Là arrive la troisième théorie d'un grand complot Woody-allenien. Et si Mike Mills n'était que le fruit des créations du new-yorkais. Une sorte de créature de Frankenstein intellectuelle et névrosée. En d'autres termes, Mike Mills se serait construit en Homme avec comme modèle trop profond l'éternel narrateur de marivaudages modernes. Lui le dessinateur de pochettes d'albums à la créativité vaine, lui l'amoureux transi maladroit, lui qui en soirée déguisée joue un Freud stoïque ne cherche t-il pas une échappatoire au carcan romanesque et taquin de son modèle ? Le regard énamouré pour son père malade en dit long sur la jalousie tendre qu'il porte à un père qu'il préfère sauver que tuer.

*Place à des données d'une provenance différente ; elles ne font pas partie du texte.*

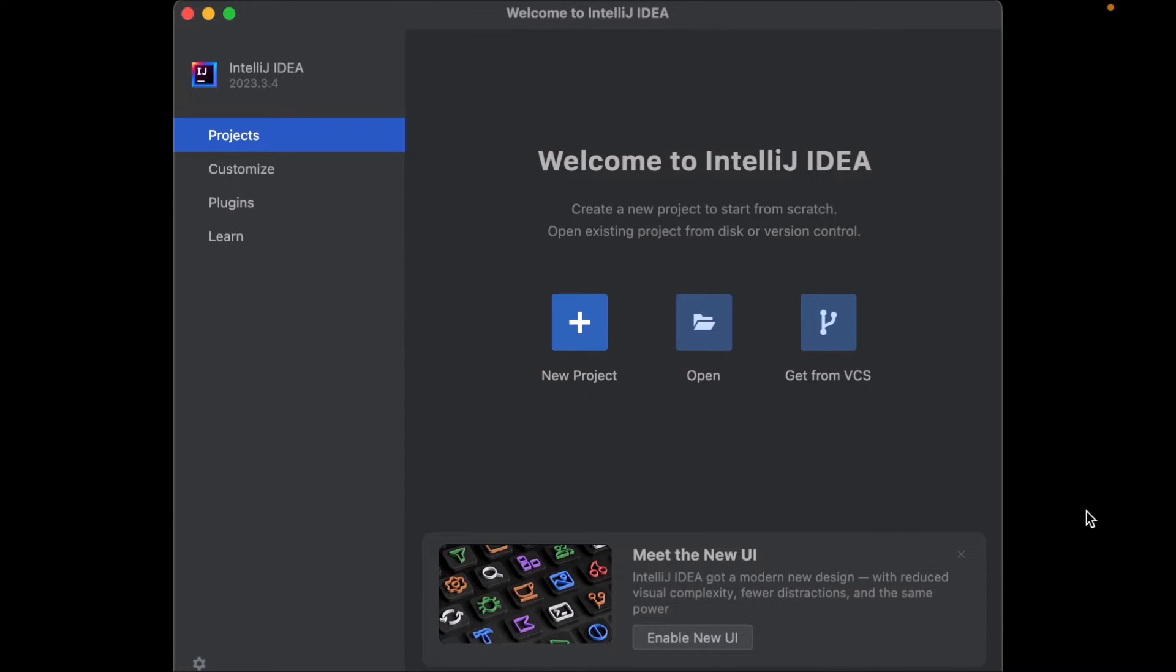Hi guys, in this video I'll show you how to create a new object-oriented Java project in IntelliJ.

Le mutisme des sentiments se traduit par un jeu sensuel dès lors qu'il tombe amoureux d'Anna (sans ses sœurs et sans « H »). Comment s'exprimer sans fard devant la fraicheur du jeu de Mélanie Laurent ? Il trouve la combine en inondant la pellicule de balades urbaines, de musiques folk-jazz, de pensées philosophiques légères sur la condition humaine. Le duo Plummer- Mc Gregor en relation père-fils surréaliste prouve encore une fois tout le bien que l'on pense d'eux. Ils ont chacun cette liberté folle du jeu, un phrasé unique mais toujours un air malin. Pas anodin qu'ils aient tous les deux incarnés Iago dans Othello sur les planches. Alors certes, la copie est moins belle que l'originale, mais Mike Mills semble avoir trouvé un sillon à creuser. Reste qu'on se demande quelle vie parallèle il sera obligé de créer s'il veut à nouveau réaliser.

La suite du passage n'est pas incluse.